#Soundbites - Do three-year-old fillies deserve better treatment in the Triple Crown series?
Compiled by Bill Heller
Since 2013, when the Kentucky Derby began using a point system to determine who starts in the Run for the Roses, no filly has raced in the Derby. This year, only seven of the 373 three-year-olds nominated for the Triple Crown were fillies. Do three-year-old fillies deserve better treatment, either by making Kentucky Derby and Kentucky Oaks points interchangeable and/or by making a more meaningful and permanent filly Triple Crown?
Bret Calhoun
I think the only way they can get points is one of the prep races against the males. Honestly, I think it’s a fair enough system. In my mind, if they’re going to take them on in the Derby, they probably should have to be proven against some of them in their prep races.
Kevin Attard
I do think they should have the option to run in the Oaks or take on the boys. Obviously, it takes a very special filly to win that race. Having a Triple Crown for the fillies I think is a wonderful idea. A series for the fillies would be something of significance. In today’s age of social media, you can reach out to a broader audience. In Canada, they do have the Triple Tiara.
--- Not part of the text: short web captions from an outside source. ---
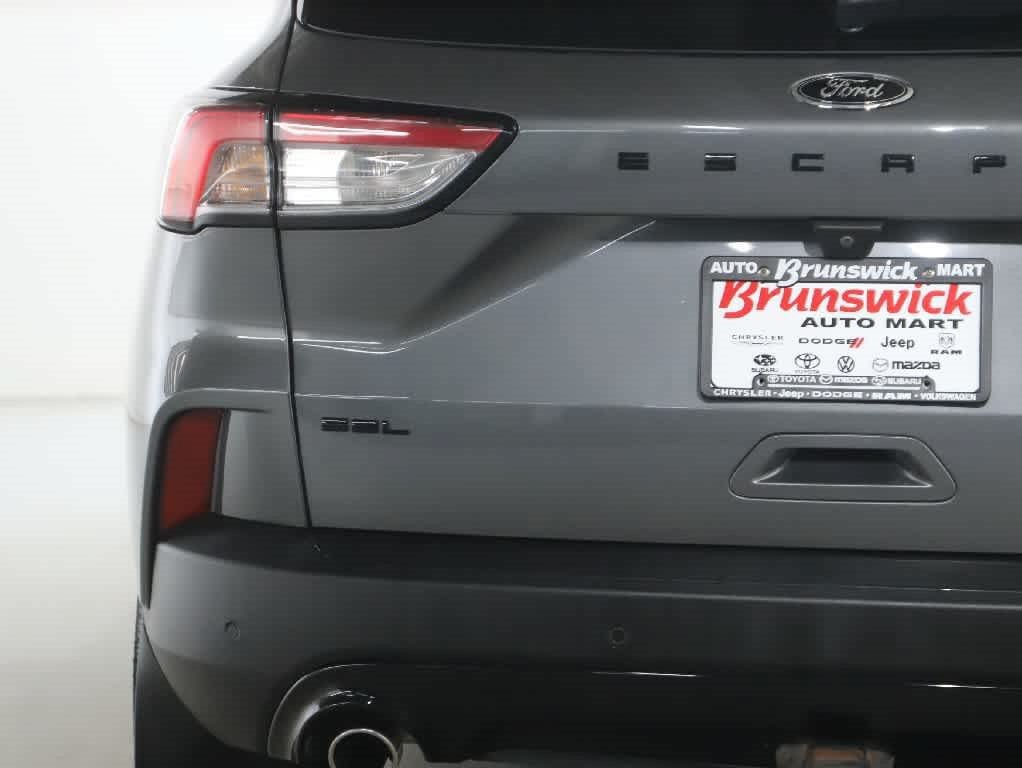 Used 2021 Ford Escape SEL w/ SEL Stealth AWD Package image 43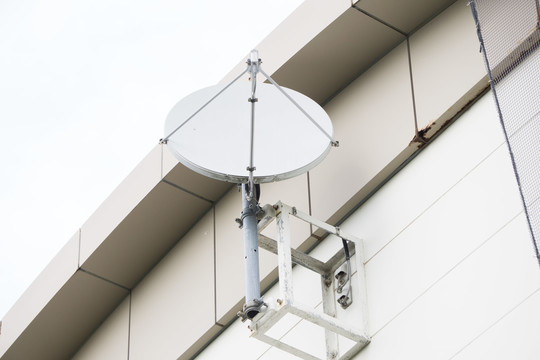 技術(shù)革新與觀眾體驗(yàn)，電視最新天線觀點(diǎn)碰撞記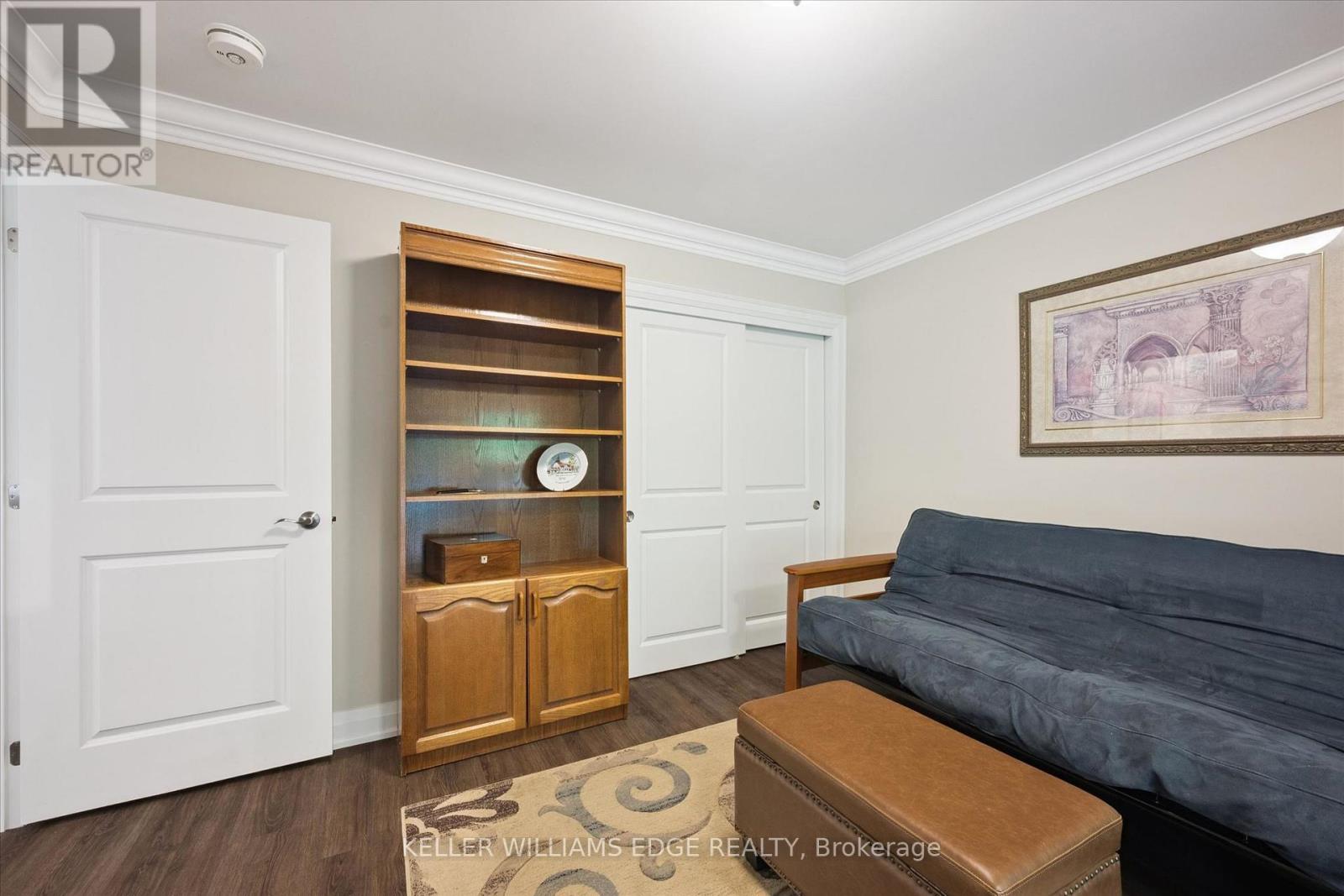 32 CARDINAL MINDSZENTY BOULEVARD - 26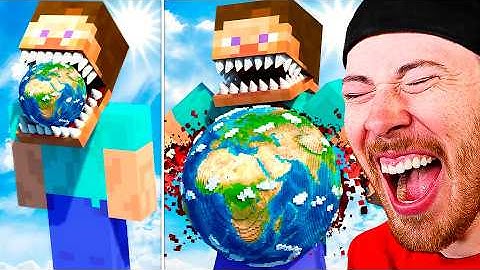 *FUNNY* Minecraft Steve VS A GIANT EARTH!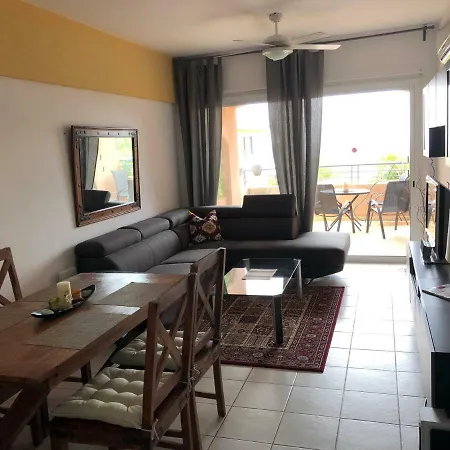 Lejlighed Schoenes 3 Apartment, Meerblick, Pool, Freies Wlan Pegeia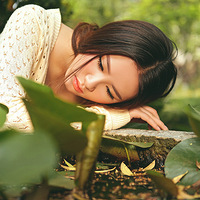 СŮ���ڶ�����Ӱ�ĵ�д�������������ַ���~~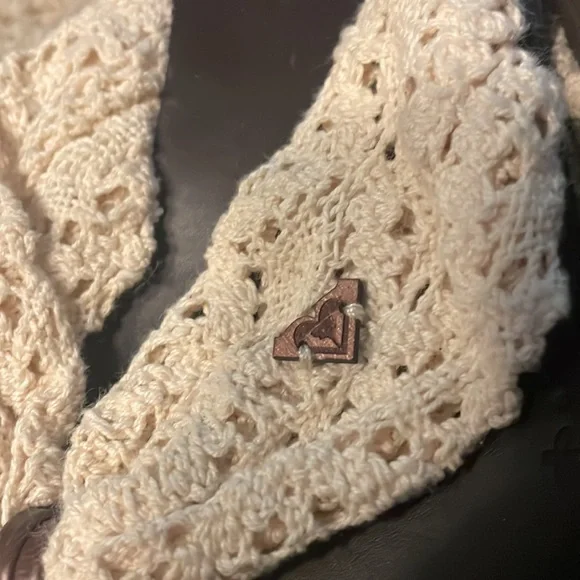 Leather - Picture 3 of 3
It’s not the equivalent to the colts. It doesn’t get the attention of the real Triple Crown.
Ron Moquett
I would say make a more permanent and meaningful Filly Triple Crown. Or there could be a deal where you could give up your status as a filly and only run in the Derby preps to get your own points and make yourselves eligible for the Kentucky Derby. That’s fine. That’s good because you did it against the competition that you are required to meet. You can’t get Derby points by beating fillies to run against colts. But I think we should constantly be looking at things to evolve the sport and keep moving forward. In the end, you’ve got to remember the whole thing we’re trying to do is to breed a better horse. So every decision we make sincerely should be about showcasing the best of our breed.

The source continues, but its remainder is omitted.